I wrote this class to perform simple template-set operations on boost::unordered_set
. These operations are part of a larger code base. Calling them will be explicit with SetUtilities::set_intersection(setA, setB)
.
The main reason I wanted this was to optimize intersection operations (using constant time find in the larger set). After taking to heart the comments from here, I edited the class and provided the rest of the methods.

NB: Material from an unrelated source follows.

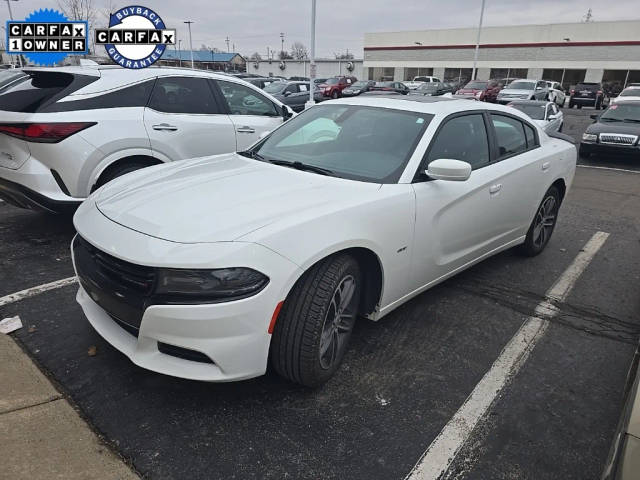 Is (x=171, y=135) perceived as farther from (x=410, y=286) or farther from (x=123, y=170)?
(x=410, y=286)

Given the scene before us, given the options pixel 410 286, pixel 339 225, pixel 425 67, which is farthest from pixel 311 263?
pixel 425 67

For now I want to use Boost instead of C++11. I can always do this in the future.
#ifndef SET_UTILITIES
#define SET_UTILITIES
#include <boost/unordered_set.hpp>
#include <boost/foreach.hpp>
class SetUtilities{
public:
//!set OPERATION intersection for boost::unordered_set
template<typename Type>
static boost::unordered_set<Type>
set_intersection(const boost::unordered_set<Type> &setA,
const boost::unordered_set<Type> &setB)
{
//iterate the smaller set O(n)
if(setA.size() <= setB.size()){
boost::unordered_set<Type> intersectionSet;
BOOST_FOREACH(const Type &element, setA){
//find element in O(1)
if(set_hasElement(setB,element)){
intersectionSet.insert(element);
}
}
return intersectionSet;
}else{
return set_intersection(setB,setA);
}
}
//!set OPERATION union for boost::unordered_set
template<typename Type>
static boost::unordered_set<Type>
set_union(const boost::unordered_set<Type> &setA,
const boost::unordered_set<Type> &setB)
{
if(setA.size() <= setB.size()){
boost::unordered_set<Type> unionSet = setB;
//iterate the smaller set O(n)
BOOST_FOREACH(const Type &element, setA){
unionSet.insert(element);
}
return unionSet;
}else{
return set_union(setB,setA);
}
}
//!set OPERATION difference A - B
template<typename Type>
static bool
set_difference(const boost::unordered_set<Type> &setA,
const boost::unordered_set<Type> &setB)
{
boost::unordered_set<Type> differenceSet;
//is size are not equal, sets are not equal
BOOST_FOREACH(const Type &element,setA){
if(set_hasElement(setB,element) == false){
differenceSet.insert(element);
}
}
return differenceSet;
}
//!set UTILITY funciton to determine if a set contains an element
template<typename Type>
static bool
set_hasElement(const boost::unordered_set<Type> &mySet,
Type element)
{
return mySet.find(element) != mySet.end();
}
//!set equality test for boost::unordered_set
template<typename Type>
static bool
are_equal(const boost::unordered_set<Type> &setA,
const boost::unordered_set<Type> &setB)
{
//is size are not equal, sets are not equal
if(setA.size() != setB.size()){
return false;
}else{
BOOST_FOREACH(const Type &element, setA){
if(set_hasElement(setB,element)){
return false;
}
}
return true;
}
}
};
#endif
I believe that this version is very readable and explicit. I think that adding typedef
s with stuff like this in a single class would create more confusion. Let me know what you think.
1 Answer 1
Fix compiler errors
Your set_difference
function does not compile. You have declared it returning bool
, but then return differenceSet;
in the function body. This is a type mismatch: your function should return a boost::unordered_set
.
Reinventing the wheel
boost::unordered_set
already supports operator==
for equality comparison. You don't need to implement it yourself -- your are_equal()
function is unnecessary.
Additionally, your set_union
can be simplified. You can replace your foreach-loop:
BOOST_FOREACH(const Type &element, setA){
unionSet.insert(element);
}
with using the two-iterator overload of insert()
:
unionSet.insert(setA.begin(), setA.end());
This should be no less efficient than what you have already written, and is slightly more readable.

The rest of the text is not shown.